Kiran Kumar Vasadi Google Cloud Certified Professional Data Engineer & Cloud Architect: Google Cloud Platform

Showing posts with label Google Cloud Platform. Show all posts

Monday, 5 November 2018

Optimizing BigQuery: Cluster your tables

BigQuery just announced the ability to cluster tables — which I’ll describe here. If you are looking for massive savings in costs and querying times, this post is for you.

Warning: This post plays with several terabytes of data. Set up your BigQuery cost controls, buckle up, keep calm, and query on.

Can you spot the huge difference between the query on the left and the one on the right?

Same query over almost the same tables — one is clustered, the other is not. Faster and more efficient.

What can we see here:

Kubernetes was a popular topic during 2017 in Wikipedia — with more than 400,000 views among the English Wikipedia sites.
Kubernetes gets way less pageviews on the mobile Wikipedia site than on the traditional desktop one (90k vs 343k).

But what’s really interesting:

The query on the left was able to process 2.2 TB in 20 seconds. Impressive, but costly.
The query on the right went over a similar table — but it got the results in only 5.4 seconds, and for one tenth of the cost (227 GB).

What’s the secret?

Clustered tables!

Now you can tell BigQuery to store your data “sorted” by certain fields — and when your queries filter over these fields, BigQuery will be smart enough to only open the matching clusters. In other words, you’ll get faster and cheaper results.

Previously I explained my lazy loading of Wikipedia views into partitioned yearly BigQuery tables. As a reminder, just for 2017 we will be querying more than 190 billion of pageviews, over 3,927 Wikipedia sites, covered by over 54 billion rows (2.2 TBs of data per year).

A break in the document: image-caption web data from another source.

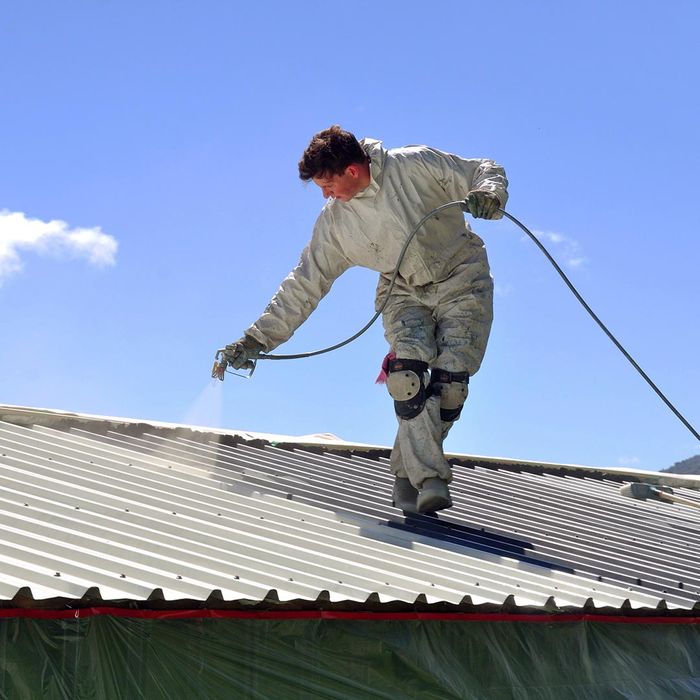 roofer spraying a metal roof with a protective coaing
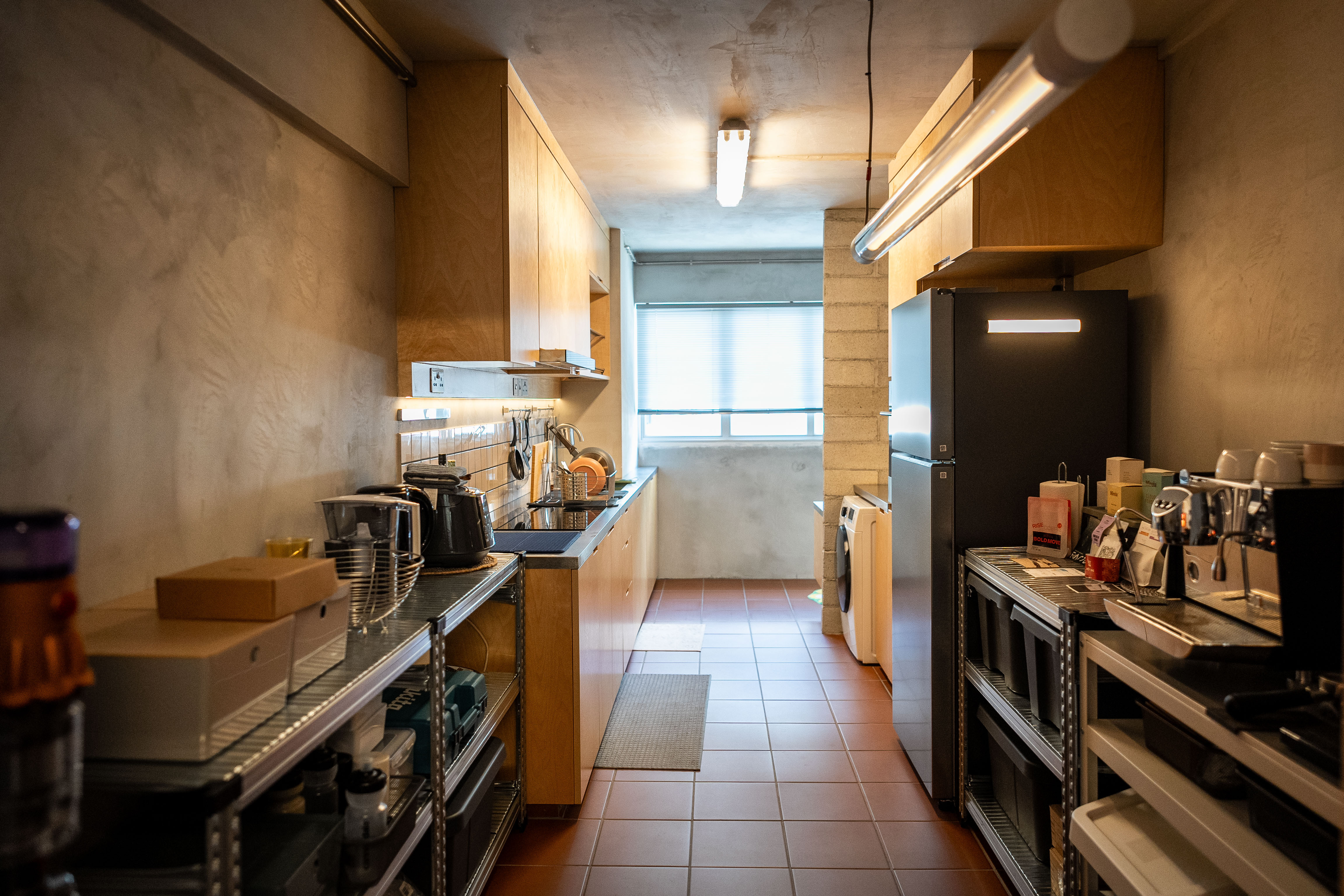 A Coffee Lover's Spacious & Charming Kitchen - Modern kitchen with wooden cabinets, stainless steel appliances, tiled floor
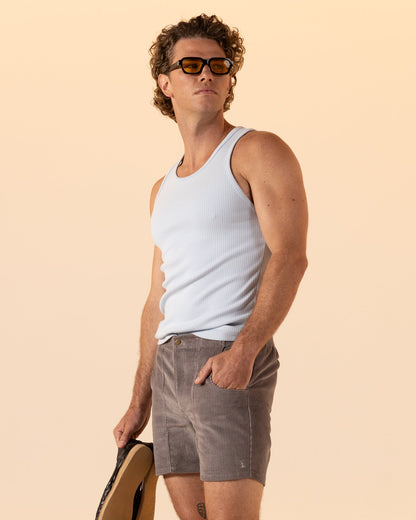A man wearing The Corsica Corduroy Shorts in Argento by Dandy Del Mar, a white tank top, and sunglasses stands holding a hat, looking off to the side against a light beige background.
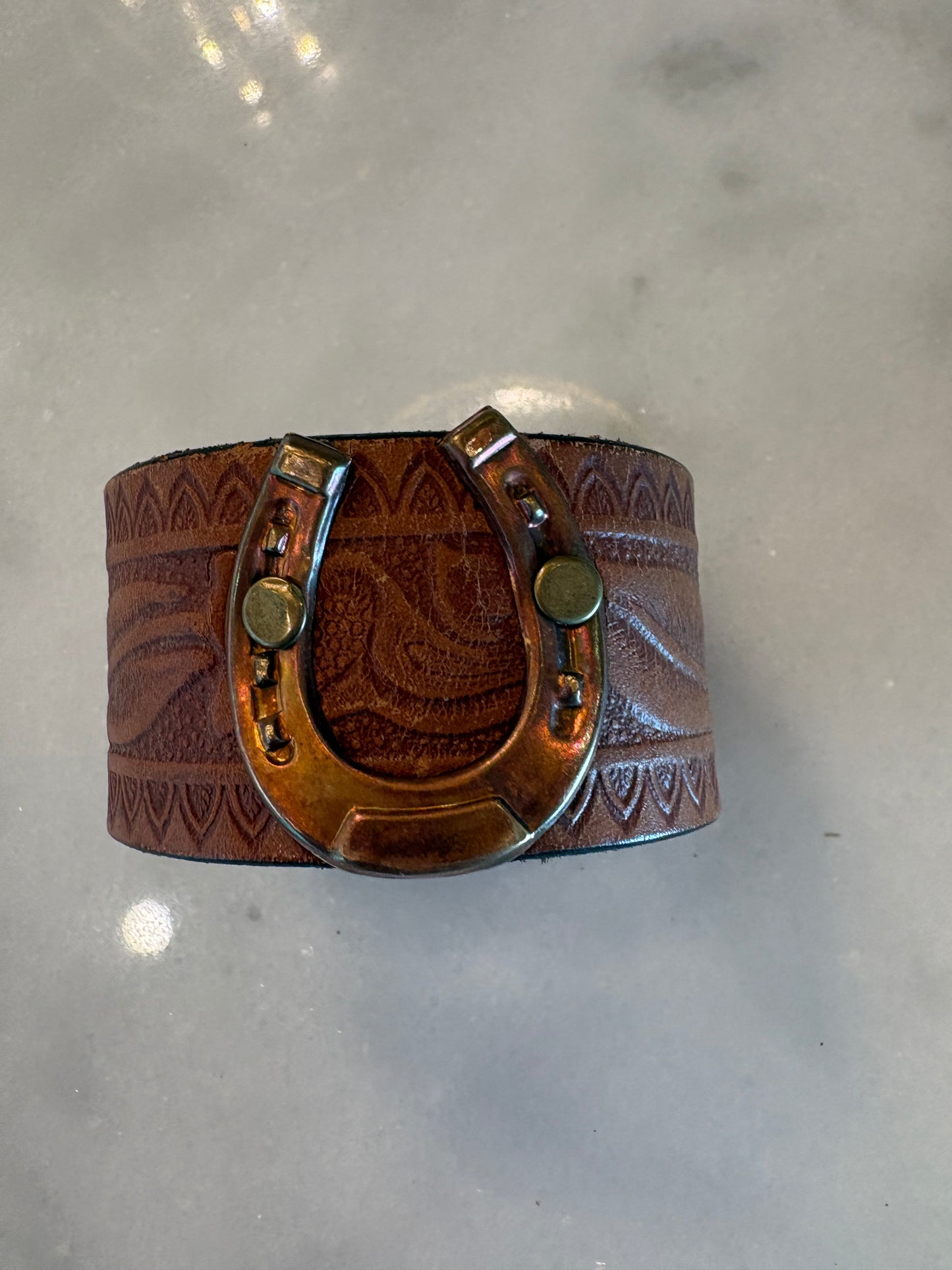Leather cuffs, assorted designs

To move my existing data into a newly clustered table I can use some DDL:

CREATE TABLE `fh-bigquery.wikipedia_v3.pageviews_2017`
PARTITION BY DATE(datehour)
CLUSTER BY wiki, title
OPTIONS(
   description="Wikipedia pageviews - partitioned by day, clustered by (wiki, title). Contact https://twitter.com/felipehoffa"
   , require_partition_filter=true
)
AS SELECT * FROM `fh-bigquery.wikipedia_v2.pageviews_2017`
WHERE datehour > '1990-01-01' # nag

-- 4724.8s elapsed, 2.20 TB processed

Note these options:

CLUSTER BY wiki, title: Whenever people query using the wiki column, BigQuery will optimize these queries. These queries will be optimized even further if the user also filters by title. If the user only filters by title, clustering won’t work, as the order is important (think boxes inside boxes).
require_partition_filter=true: This option reminds my users to always add a date filtering clause to their queries. That’s how I remind them that their queries could be cheaper if they only query through a fraction of the year.
4724.8s elapsed, 2.20 TB processed: It took a while to re-materialize and cluster 2.2 TB of data — but the future savings in querying makes up for it. Note that you could run the same operation for free with a bq export/load combination — but I like the flexibility that DDL supports. Within theSELECT * FROM I could have filtered and transformed my data, or added more columns just for clustering purposes.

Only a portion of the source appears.